ICE agents in Chicago
ICE agents stand guard as they are confronted by residents after making a stop while driving in a caravan through the Brighton Park neighborhood on November 06, 2025 in Chicago, Illinois Photo by Scott Olson/Getty Image

ICE arrests across the United States dropped nearly 12% after two U.S. citizens were killed by immigration officers in Minneapolis and the Trump administration replaced one of the public faces of its immigration crackdown.

According to an Associated Press analysis of federal arrest data, the decline followed the late-January deaths of Renee Good and Alex Pretti, which intensified criticism of federal immigration tactics in Minnesota and led to a leadership shift in the operation. Gregory Bovino, a top Border Patrol commander who had become closely associated with aggressive enforcement actions, was pushed aside, and border czar Tom Homan was sent to the Twin Cities to redirect the strategy.

At the height of the crackdown, ICE arrests peaked at nearly 40,000 nationwide in December and remained close to that level the following month, according to data provided to UC Berkeley's Deportation Data Project and analyzed by AP. After Homan announced a drawdown of immigration agents in Minnesota on Feb. 4, ICE averaged 7,369 weekly arrests nationwide over the next five weeks, down from 8,347 weekly arrests in the previous five weeks.

Bovino had described the strategy as "turn and burn," referring to large, highly visible enforcement actions carried out by teams of agents in places including restaurant kitchens, bus stops, and Home Depot parking lots.

The drop was not uniform.

ICE arrests rose in Kentucky, Indiana, North Carolina, and Florida during the five weeks after the leadership change, in some cases reaching their highest weekly levels since the start of Trump's second term. Those increases were offset by steep declines in large states, including Minnesota and Texas, according to AP.

The administration has said its immigration campaign is focused on dangerous criminals.

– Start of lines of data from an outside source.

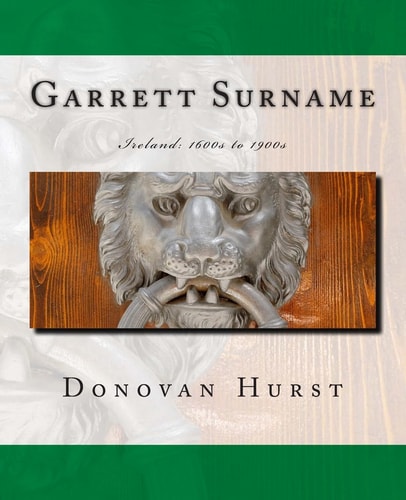 Garrett Surname Ireland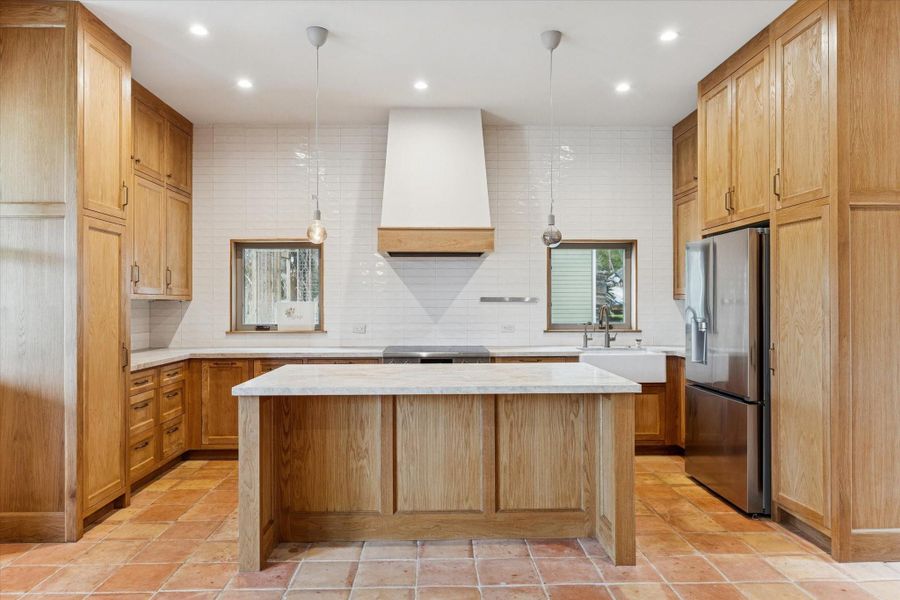 Furnished interior view inside a new home in , Cleveland (Image 11).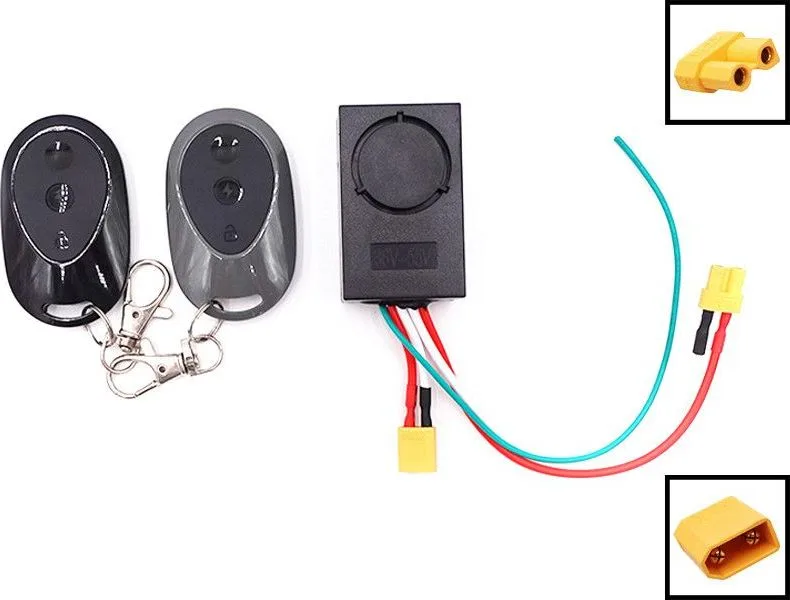 Xiaomi M365 alarm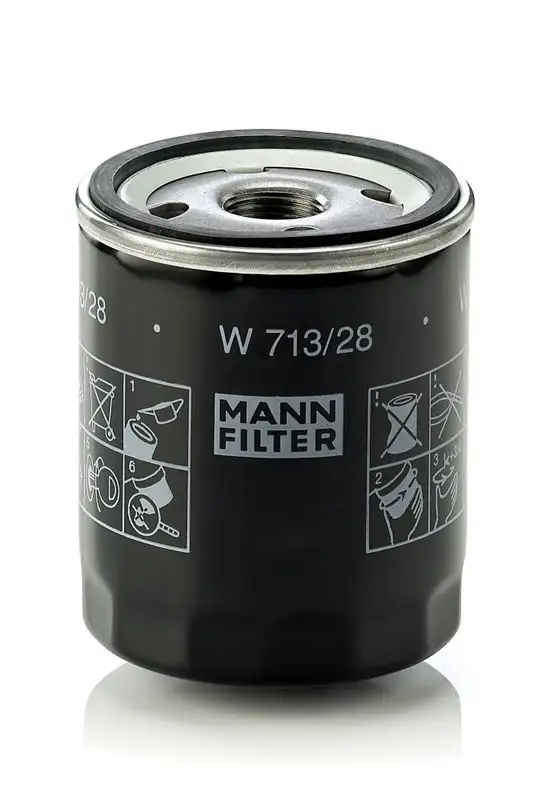 MANN W713/28 Yağ Filtresi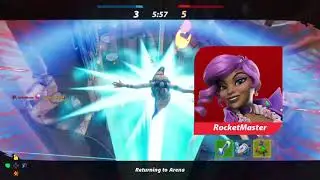 Rocket Arena - Amphora Level 64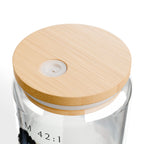 My Soul Thirsts For God - Sipper Glass, 16oz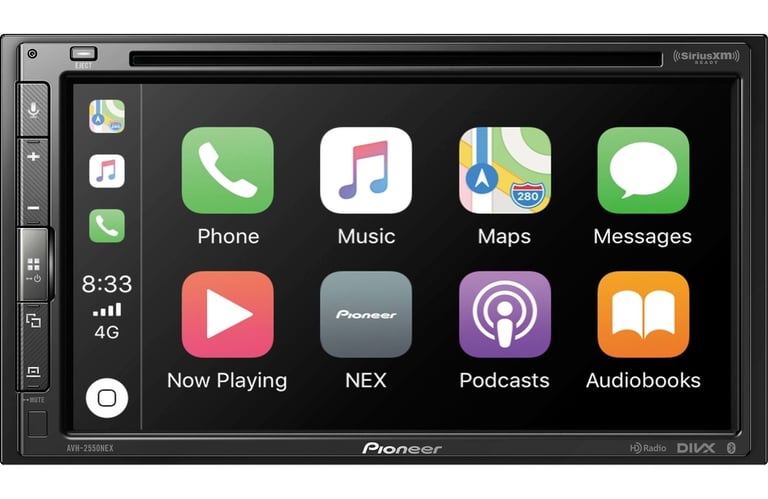 Pioneer AVH-2550NEX Image 1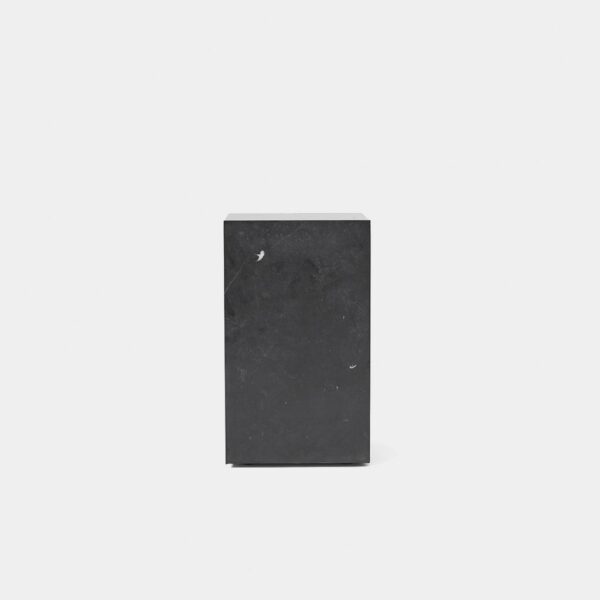 Black Marble Plinth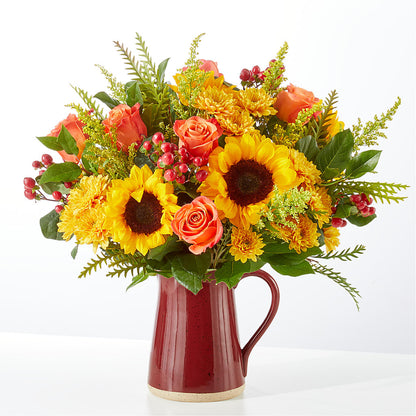 Scents of Autumn Bouquet – VACHA'S FOREST FLOWERS, Oak Forest IL
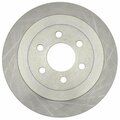 Beautyblade 780144R 2003-2004 Dodge Dakota Professional Grade Brake Rotor-Gray Cast Iron-12.28 in. x 3.21 in. BE3022319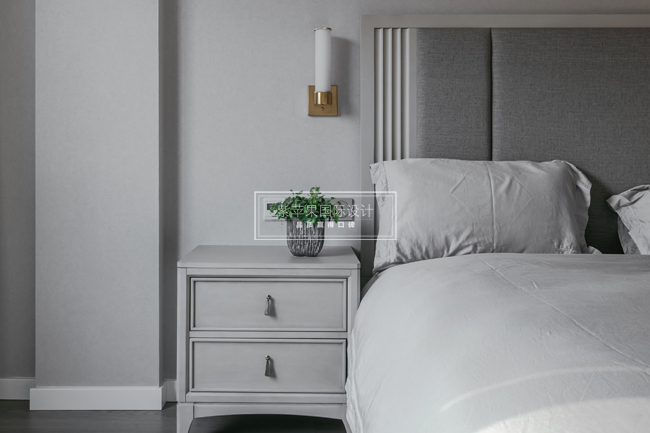 現(xiàn)代混搭裝修案例，給人溫暖和舒適的感覺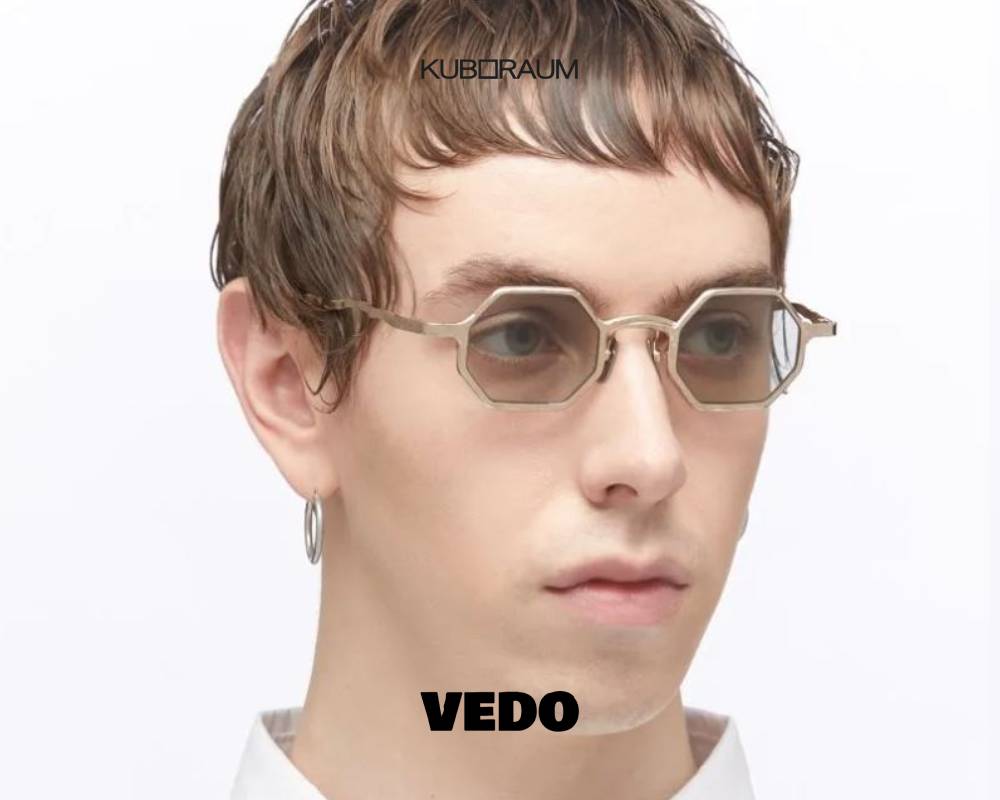 Kuboraum Mask Z19 Mini Hexagonal Metal Eyeglasses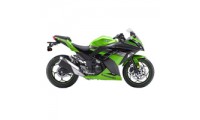 Billigste 2013-2018 Kawasaki ZX300R Verkleidung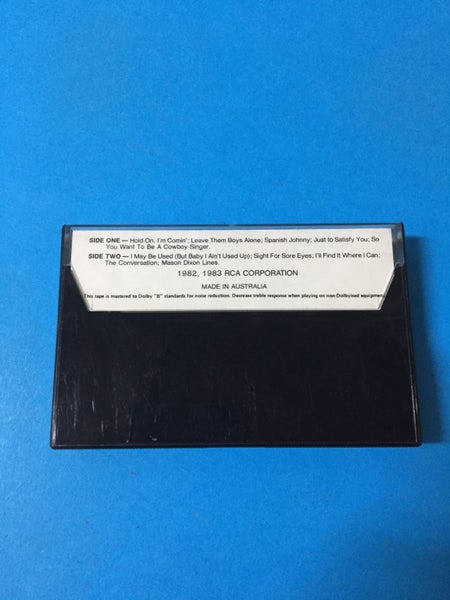 Waylon Jennings: Waylon And Company (Cassette) Carousel 2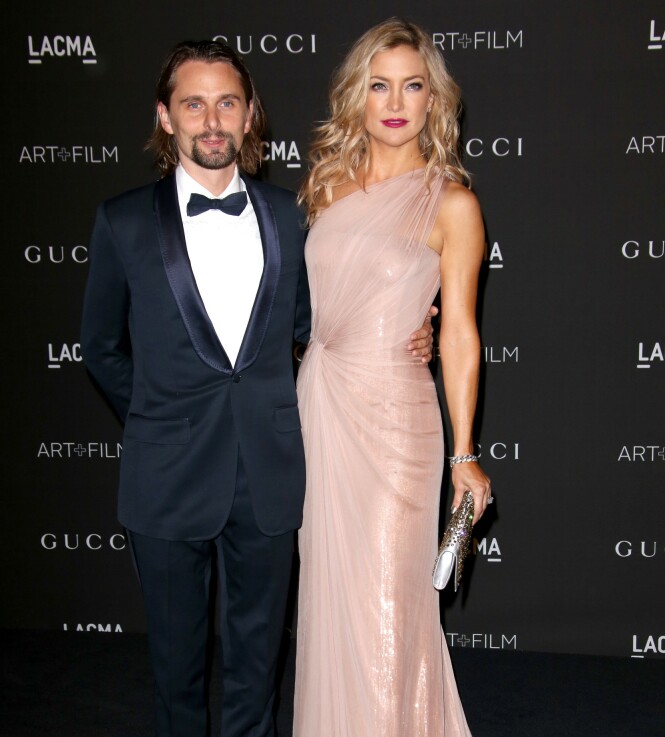 BRØT FORLOVELSEN: Matt Bellamy og Kate Hudson brøt forlovelsen i 2014, etter fire år som par. Foto: NTB scanpix BRØT FORLOVELSEN: Matt Bellamy og Kate Hudson brøt forlovelsen i 2014, etter fire år som par. Foto: NTB scanpix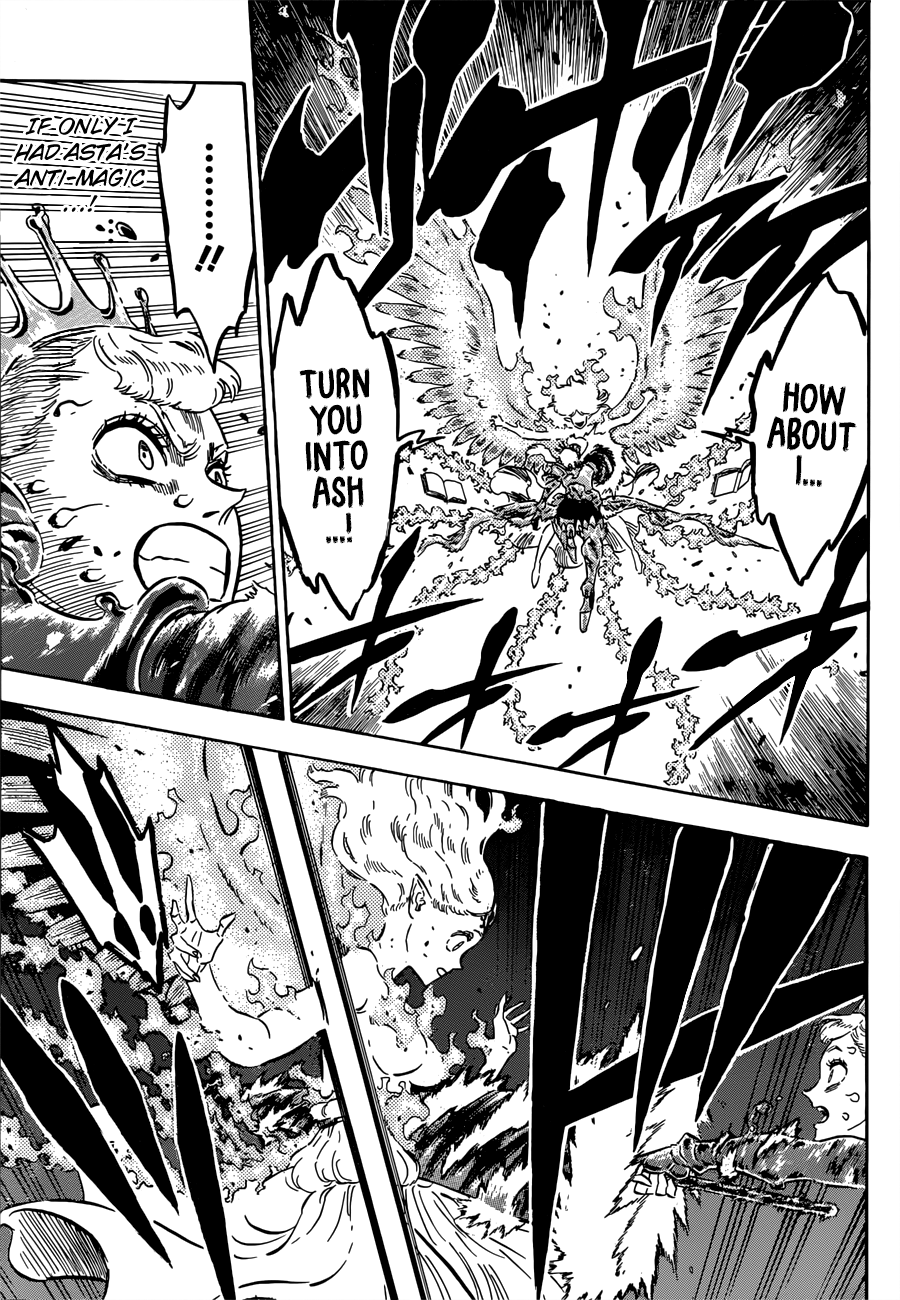 Black Clover, Chapter 195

Trump has described the targets as "the worst of the worst," but the arrest data show a more complicated picture. Nationally, 46% of people arrested by ICE in the five weeks before Feb. 4 had no criminal charges or convictions. That share fell to 41% in the five weeks after the drawdown, still above the 35% weekly average since Trump returned to office.

Univision reported that the change in arrest patterns came after Good and Pretti were killed and after Bovino was replaced by Homan and noted that the decline in arrests did not mean enforcement had returned to levels seen under former President Joe Biden.